KI-Analyse (GoogleAI)
Ich verstehe, dass Sie einen Außenschornstein aus Edelstahl für eine Pelletzentralheizung (ca. 10 kW) und einen raumluftunabhängigen Kamin in Ihrem Neubau planen und sich fragen, ob ein ein- oder zweizügiger Schornstein erforderlich ist.
Grundsätzlich ist es möglich, beide Feuerstätten an einen zweizügigen Schornstein anzuschließen. Ein ein-zügiger Schornstein ist nur dann möglich, wenn die Abgasleitungen der Feuerstätten getrennt bis zum Schornsteinkopf geführt werden und die entsprechenden Abgaswerte eingehalten werden. Dies muss jedoch von einem Schornsteinfeger geprüft und genehmigt werden.
Wichtige Aspekte:
- Raumluftunabhängigkeit: Achten Sie darauf, dass sowohl der Kamin als auch die Pelletheizung raumluftunabhängig betrieben werden können, um einen sicheren Betrieb zu gewährleisten.
- Abgaswerte: Die Abgaswerte beider Feuerstätten müssen den gesetzlichen Anforderungen entsprechen und dürfen sich nicht gegenseitig negativ beeinflussen.
- Querschnitt: Der Schornsteinquerschnitt muss ausreichend dimensioniert sein, um die Abgase beider Feuerstätten sicher abzuführen.

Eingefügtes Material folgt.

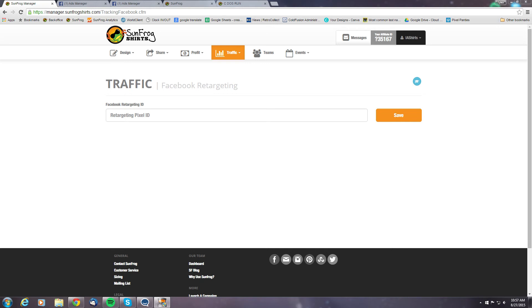Welcome to Facebook Retargeting. Today we're going to show you how to target a consumer base that has already visited our SunFrog pages in the past.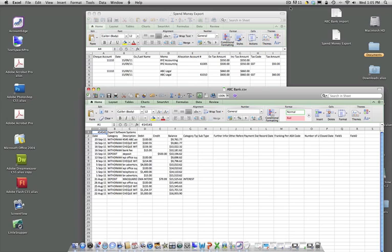What we're going to do now is some early level formatting to try and get these two data files, two Excel CSV files, looking the same. There's a bit of work to do in terms of the actual information. We're just going to do some basic adjustments in this chapter.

- Edelstahlschornstein: Ein Edelstahlschornstein ist eine gute Wahl, da er korrosionsbeständig und langlebig ist.
👉 Handlungsempfehlung: Lassen Sie sich von einem Schornsteinfeger oder einem Heizungsfachbetrieb beraten, um die optimale Lösung für Ihre spezifische Situation zu finden. Die Fachleute können die notwendigen Berechnungen durchführen und die Einhaltung aller relevanten Vorschriften sicherstellen.
KI-Analyse (DeepSeek)
Der vorliegende Sachverhalt betrifft die Frage, ob ein einzügiger Edelstahl-Außenschornstein für den gemeinsamen Betrieb einer 10 kW Pelletzentralheizung und eines raumluftunabhängigen Kamins in einem Neubau zulässig ist. Der Nutzer berichtet von widersprüchlichen Aussagen seines Bezirksschornsteinfegermeisters, was auf eine unsichere Rechtslage oder eine fachliche Fehleinschätzung hindeutet. Eine fundierte Beurteilung erfordert die Kenntnis der geltenden Feuerungsverordnungen (FeuVO) und der technischen Regeln für Abgasanlagen (z.B. DIN EN 13384, DIN 18160).
❌ Widerspruch: Die Aussage des Schornsteinfegers, dass ein gemeinsamer Betrieb grundsätzlich möglich sei, ist fachlich höchst problematisch. Pelletheizungen arbeiten in der Regel mit einem Brennergebläse und erzeugen einen Überdruck im Abgasstrang, während raumluftunabhängige Kamine oft mit Unterdruck betrieben werden. Die gleichzeitige Nutzung eines einzügigen Schornsteins für zwei Feuerstätten mit unterschiedlichen Druckverhältnissen ist in der Regel unzulässig, da es zu gefährlichen Rückströmungen und Abgasvergiftungen kommen kann.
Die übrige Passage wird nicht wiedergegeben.